PROMPT:
Go to the line holding "fabili1995 online show from 7, 12, 2024" in the data below and repeat it exactly, then each line after it up to and including the one holding "BN ROOTS 1 L FERTILIZANTES BIO NOVA". Omit pictures.

STUDY MATERIAL:
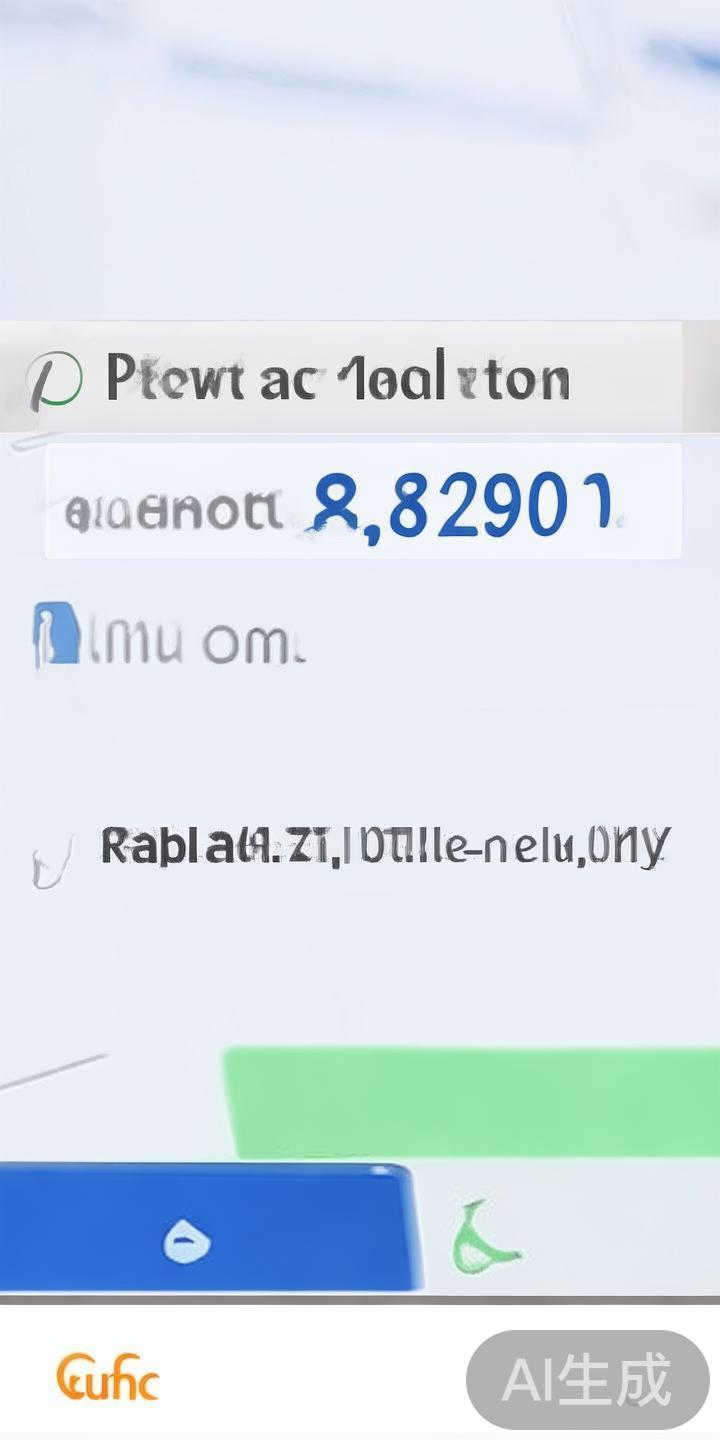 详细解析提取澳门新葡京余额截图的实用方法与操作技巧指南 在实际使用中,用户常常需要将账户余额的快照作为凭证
...
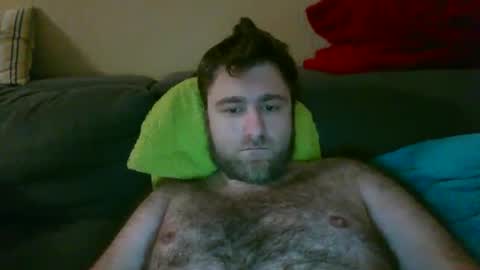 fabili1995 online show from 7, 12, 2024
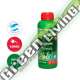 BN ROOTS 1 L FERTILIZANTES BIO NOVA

RESULT OF THE TASK:
 fabili1995 online show from 7, 12, 2024
 BN ROOTS 1 L FERTILIZANTES BIO NOVA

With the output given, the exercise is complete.